The mother of a soldier "over there" stood in a town hall meeting here, demanding to know what McCain would do as president to ensure that Americans appreciate the daily sacrifices of military families.
"I know you pray every night, and we will too," and there McCain nearly broke down before recovering: "I'll do everything in my power to make sure every American knows how arduous and difficult it is, and how courageous these young people are. We have to do a better job. ... God bless him and people like him."
McCain then ended the session rather than taking another question as planned.
The episode highlights the overarching, complex and sobering role the Iraq war plays in McCain's second run for the Republican presidential nomination. It's a war whose goals McCain supports but whose prosecution he has excoriated—and one to which the fortunes of his 2008 campaign seem as tied as the tides are to the moon.
Polls show that among Democrats and Republicans, Iraq is the No. 1 issue in the 2008 campaign, so candidates must address it.
But few plunge into the discussion with McCain's fervor.
Among leading candidates of either party, he's the only one who's been to war. Its hardships—in theater and on the home front—are very real to the Navy aviator who spent more than five years in a North Vietnam prison.
So he doesn't whitewash; he concedes his disgust with the war's early mismanagement and warns of a tough slog ahead.
"I'm not here to tell you it's `a few dead-enders,' or `last throes,' or `mission accomplished,'" McCain tells voters, implicitly criticizing the catchphrases coined by former Defense Secretary Donald H. Rumsfeld, Vice President Dick Cheney and President Bush as they assured Americans of progress in Iraq.
The message seems to be taking. A Gallup poll last month showed that of the presidential candidates of both parties, McCain is considered the most reliable source for accurate information about Iraq, with 65 percent calling him very or somewhat reliable. (Only 50 percent felt that way about Bush.)
Yet at the same time, the less Americans seem willing to make that slog, the tighter McCain embraces it. The Gallup poll found that 64 percent wanted to set a timetable for withdrawal of American troops sometime in 2008, a move McCain sharply opposes.
At a recent Republican dinner in Iowa, McCain spoke briefly of his opposition to abortion rights, then devoted the rest of his speech to the importance of victory in Iraq.
"Part of a titanic struggle between good and evil" that the United States cannot lose, he implores.
Like much of what animates McCain, it comes as much from his gut as it does from his head. He's written that it's "a terrible calamity" for a nation to lose a war, believes viscerally and mightily in American exceptionalism—"The United States is still the best country in the world! Don't forget that!"—and cannot comprehend those who accept less.

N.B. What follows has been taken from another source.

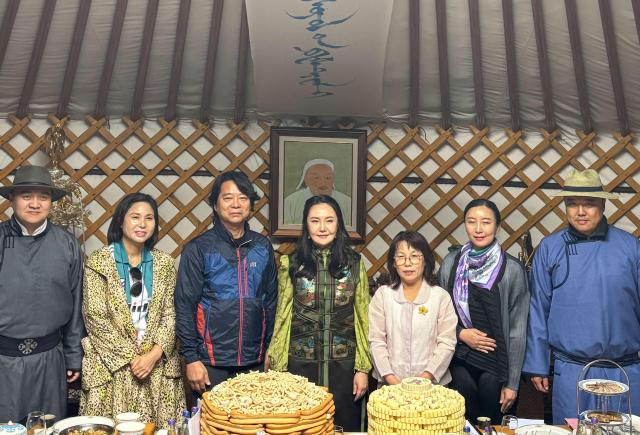 서천군 군립전통무용단 몽골 ‘2025년 노마드 세계문화축제’ 참가 사진서천군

Senate Majority Leader Harry Reid's, D-Nev., recent contention that "the war is lost" left McCain aghast: "Who won? Al-Qaida?"

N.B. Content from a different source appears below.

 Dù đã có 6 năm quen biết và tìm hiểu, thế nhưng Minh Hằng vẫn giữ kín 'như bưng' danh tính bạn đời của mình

Bob Wells, a retiree and veteran attending a McCain rally in Greenville, S.C., appreciated McCain's message, even though Wells said he "always felt the war was a mistake."
"It would be easier to say what you think people want to hear," Wells said. "I admire the type of person he is."
Still, McCain's support of the war and of Bush's escalation has hurt him among anti-war independent voters who swooned for McCain's anti-establishment 2000 campaign.
Worse for McCain, who urged the troop surge months before Bush embraced it, even Republicans are starting to second-guess Bush on the war. A poll last month by the Pew Research Center for the People and the Press found that 49 percent of Republicans want a candidate who will take an approach different from the president on the war; only 44 percent want someone to continue Bush's policy.
"McCain has chosen the path of sticking with the war," said Mark Wrighton, a political scientist at the University of New Hampshire. "It may not be a winning strategy. His campaign is tied to events in Iraq between now and when we start voting in January."
McCain and his supporters hope that in troubled times, voters will listen to a respected, familiar voice even if they don't like all of what they're hearing. At 70, McCain concedes that his age will be an issue with some voters, but he tries to parry it by saying that he's the "most experienced" candidate.
"I respect people who are steadfast," said former New Hampshire Gov. Walter Peterson, a Republican who has endorsed McCain. "He's not new, but he's the kind of thing you put it on, it fits, you like it. What he's really offering is experience combined with character."
Indeed, voter after voter during McCain's recent three-state "kick-off tour" used words like "honesty" and "integrity" to describe him—even if they parted company with McCain on the war.
Joan Bolin, a Des Moines attorney, "opposed the war from the start" but sees in McCain something she doesn't in any other candidate.
"People who have suffered as he did have a perspective that's far closer to the reality of life and death than those who've been given the benefit of an easy life," Bolin said. "I think suffering gives you depth. It grounds you. If you don't become bitter, you can become wise. ... He has a clear moral compass."